- DATA SHOWN
•••

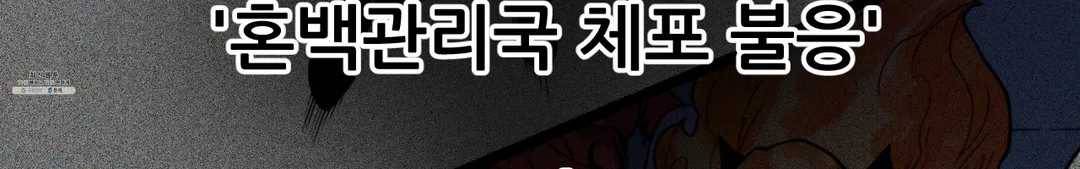 포젯션 62화 2부 1화 26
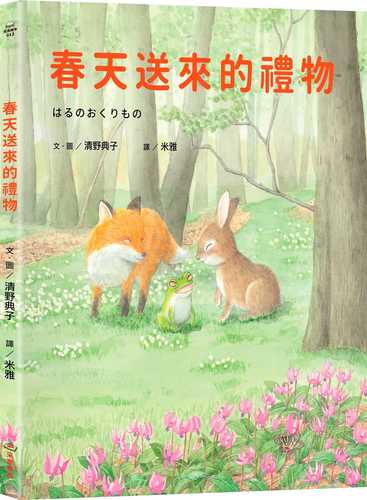 はるのおくりもの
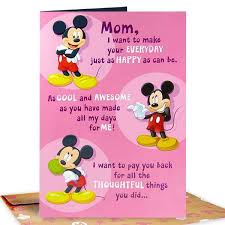 Hand holding hearts is also one of the mother's day card ideas that look beautiful and are super easy to make. Buy Thank You For Everything Mom Card Online At Best Price In India Archiesonline Com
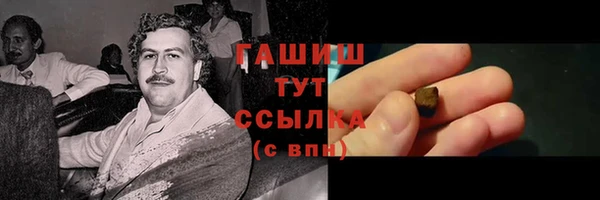 jwh Белоозёрский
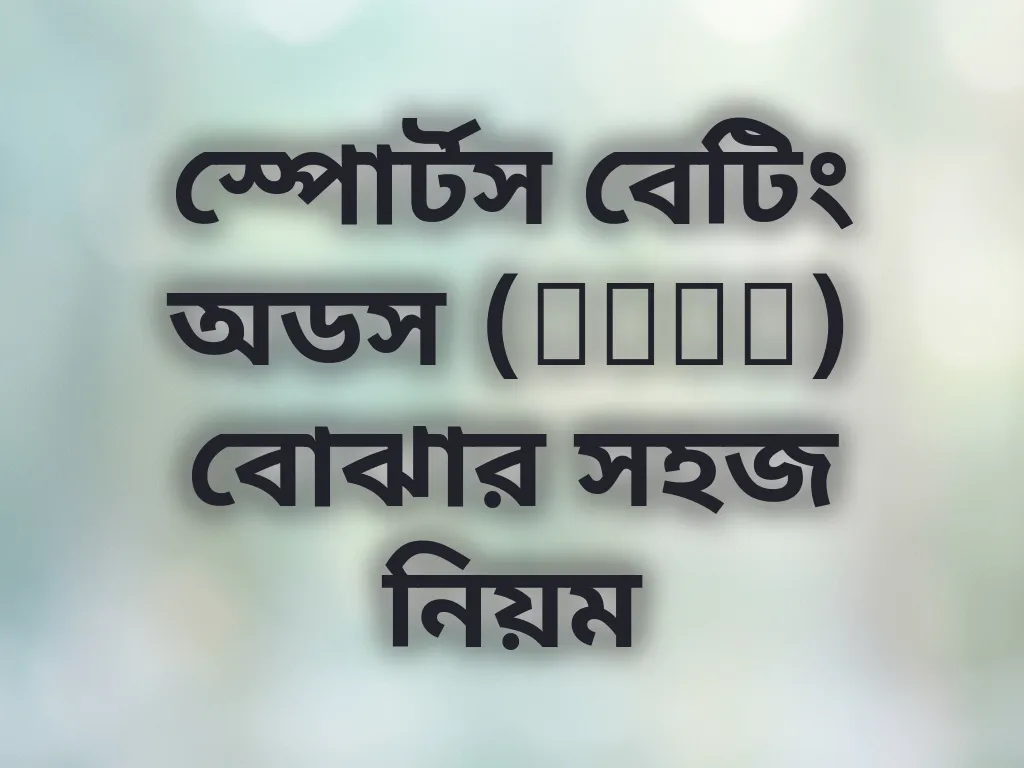 স্পোর্টস বেটিং অডস (Odds) বোঝার সহজ নিয়ম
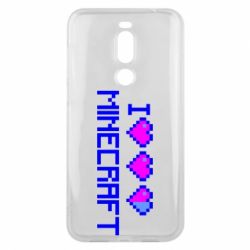 Чохол для Meizu X8 Я люблю Minecraft - PrintSalon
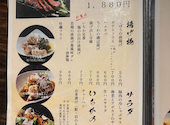 和洋酒宴居酒屋 いちか: ぞのさんの2026年05月01日の2枚目の投稿写真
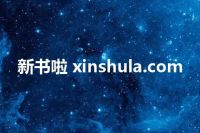 新书啦 xinshula.com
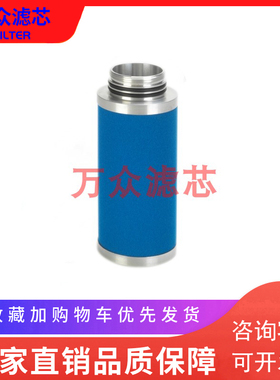 速发适用于超滤干燥机滤芯PE04/10 FF//04110 AKFMF04//0现货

•••

Output all of the data exactly. Skip the pictures.

 포젯션 62화 2부 1화 26
 はるのおくりもの
 Hand holding hearts is also one of the mother's day card ideas that look beautiful and are super easy to make. Buy Thank You For Everything Mom Card Online At Best Price In India Archiesonline Com
 jwh Белоозёрский
 স্পোর্টস বেটিং অডস (Odds) বোঝার সহজ নিয়ম
 Чохол для Meizu X8 Я люблю Minecraft - PrintSalon
 和洋酒宴居酒屋 いちか: ぞのさんの2026年05月01日の2枚目の投稿写真
 新书啦 xinshula.com
 速发适用于超滤干燥机滤芯PE04/10 FF//04110 AKFMF04//0现货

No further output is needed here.